The purpose of the ”Armed Output” is to provide a visual indication, such as LED light to the driver that the Torque Management function is armed and will function as configured.
Torque Management Knob Enable
Ticking this box will add the ”Torque Management Knob Input” pin assignment to the Connections tab.
By wiring a Trim Knob (Rotary Switch) to an analogue input you can adjust the "RPM Target" to choose up to 8 different curves. This makes adjusting the curve very quick and easy when you are sitting at the start line and notice the racetrack has improved or gone off from the run before you. This is accomplished by using the knob position as one of the input axes of whichever Torque Management tables the tuner desires.
Connections
Torque Management Switch
Select an appropriate input to use for the Torque Management Switch. Typically, an AVI (Analogue Voltage Input) is used.
Armed Output
Select an available output wire, typically a DPO (Digital Pulsed Output) or Stepper Output will be used.
Torque Management Knob Input
Select an appropriate input to use for the Torque Management Knob Input. An AVI (Analogue Voltage Input) or an SPI (Synchronised Pulsed Input) should be used.
Connection Type
SPI
An SPI (Synchronised Pulsed Input) requires configuring of the edge and the type of Sensor to be connected.
Edge Select
Falling is used when the input is grounded when the switch is activated.
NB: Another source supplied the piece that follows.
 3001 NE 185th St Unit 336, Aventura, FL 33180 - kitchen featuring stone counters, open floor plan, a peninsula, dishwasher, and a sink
Rising is used when the input is supplied voltage when the switch is activated.
Sensor Type
Set to Hall Effect for all switch inputs
Pullup
Enables a pullup if required to generate a voltage when the switch is off.
AVI
An AVI will require Switch On and Switch Off voltages to be configured so the Elite ECU can know which voltages on the AVI meet the conditions required.
Switch On Voltage
The voltage either above or below where the switch is considered to be ON. When selecting an appropriate value some consideration should be given to allow for voltage fluctuations.
Switch Off Voltage
The voltage either above or below where the switch is considered to be OFF. When selecting an appropriate value some consideration should be given to allow for voltage fluctuations. Eg. if the switch is at 5V when it is Off and is grounded to 0V when the switch is On, you would set the On voltage to 1.0V and the Off Voltage to 4.0V.
Example 1
The switch is at 5V when it is Off and is grounded to 0V when the switch is On. Correct settings with tolerance would be to set the On voltage to 0.5V and the Off Voltage to 4.5V. i.e. when the voltage falls below 0.5V it is considered to be ON, and when it rises back above 4.5V it is considered to be OFF.
Example 2
The switch is at 2.5V when it is OFF, and is at 12V when it is ON. Correct settings with tolerance would be to set the On Voltage to 4.5V and the Off Voltage to 3.0V. i.e. when the voltage rises above 4.5V it is considered to be ON, and when it falls back below 3.0V it is considered to be OFF.
Knob Calibration Tab
This allows calibrations for a Torque Management Knob to be loaded or saved. A number of calibrations come pre-installed with the ESP Software package. Where required, a custom calibration can be created.
From the image above:
1 – Selecting the yellow Open icon on the top left will allow the loading of a pre-configured calibration file.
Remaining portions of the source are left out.